Linux Quimper sera au Centre des Abeilles à Quimper (4 rue Sergent Le Flao), le samedi 19 novembre 2011 de 14h à 18h, pour animer une Install-Party.
Celles et ceux qui veulent passer à un système d'exploitation libre, pourront trouver aide et conseils pour installer la distribution GNU/Linux de leur choix.
Si vous êtes un utilisateur régulier ou occasionnel de GNU/Linux, vous pourrez aider ces personnes pour l'installation et/ou la prise en main des distributions que vous connaissez.

Une re-distribution gratuite d'ordinateurs déclassés (P4 de 1,5 à 2,5GHz) reconfigurés avec un système libre et des logiciels libres, sera aussi organisée. 
Nous aurons besoin de personnes pour une présentation simple aux personnes qui récupéreront ces ordis, de l'interface graphique et des logiciels libres installés sur ces machines.
Il est possible de bénéficier de cette redistribution. Il suffit pour cela de s'inscrire au Centre des Abeilles (02 98 55 33 13). 
La redistribution s'adresse en priorité aux personnes étant dans une situation financière précaire ou aux associations de l'économie sociale et solidaire.

Aura lieu aussi, une présentation d'imprimantes 3D domestiques permettant d'imprimer des objets en plastique recyclable (projet reprap sous licence libre) 

Pour terminer la journée une table ronde sera organisée autour du livre "Comment contourner la censure sur Internet" rédigé lors de "Book Sprint" et faisant partie de manuels "Free Libre Open Source Software"
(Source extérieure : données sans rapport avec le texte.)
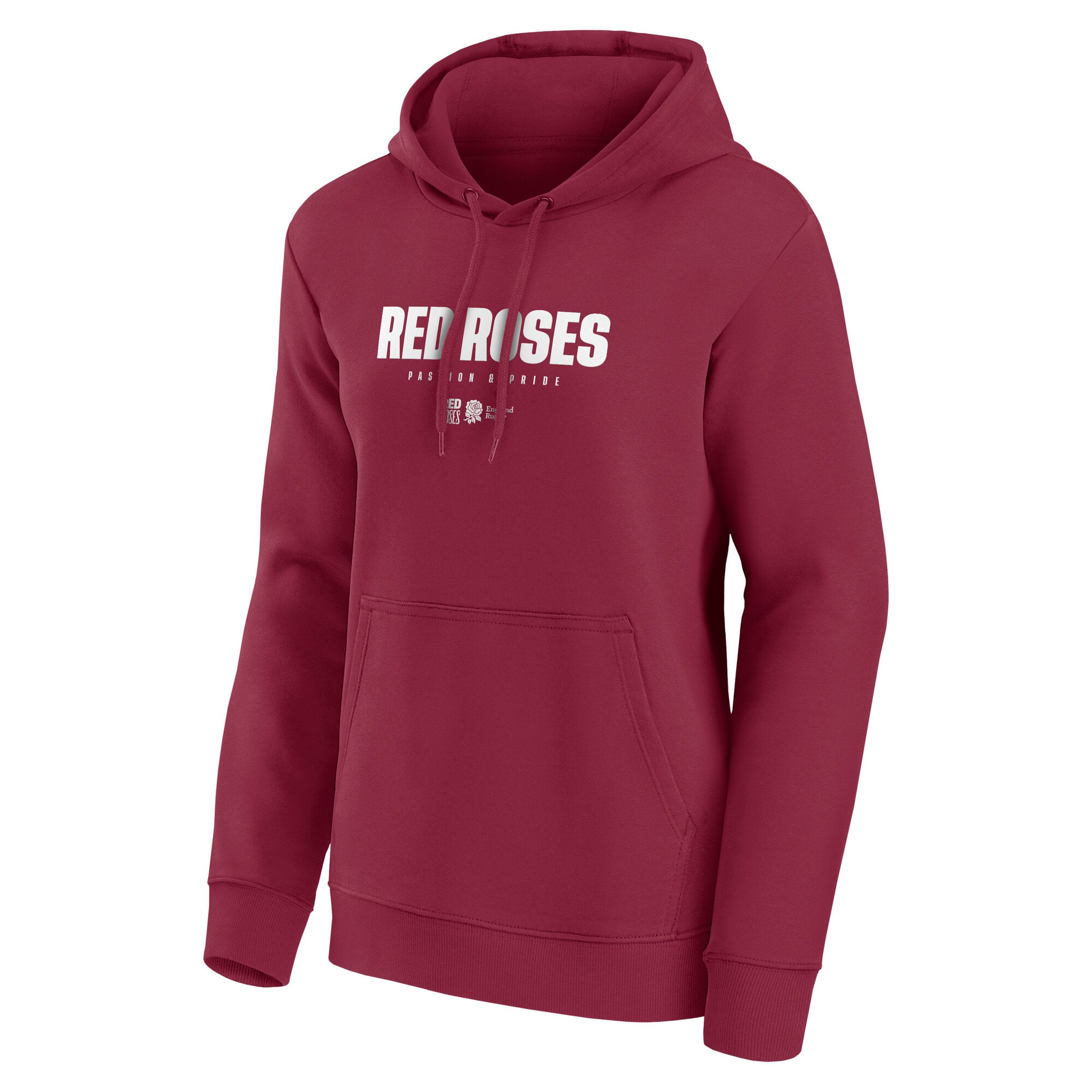 England Rugby Red Roses Stamp Graphic Hoodie - Red - Womens, , rebel_hi-res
Si vous êtes disponible et que vous avez envie de faire partager vos connaissances ou trouver de l'aide pour résoudre des problèmes que vous rencontrez avec des Logiciels Libres, rendez-vous samedi 19 novembre au centre des Abeilles. 
Vous pouvez le faire savoir sur le forum de Linux Quimper
A très bientôt 
René


----------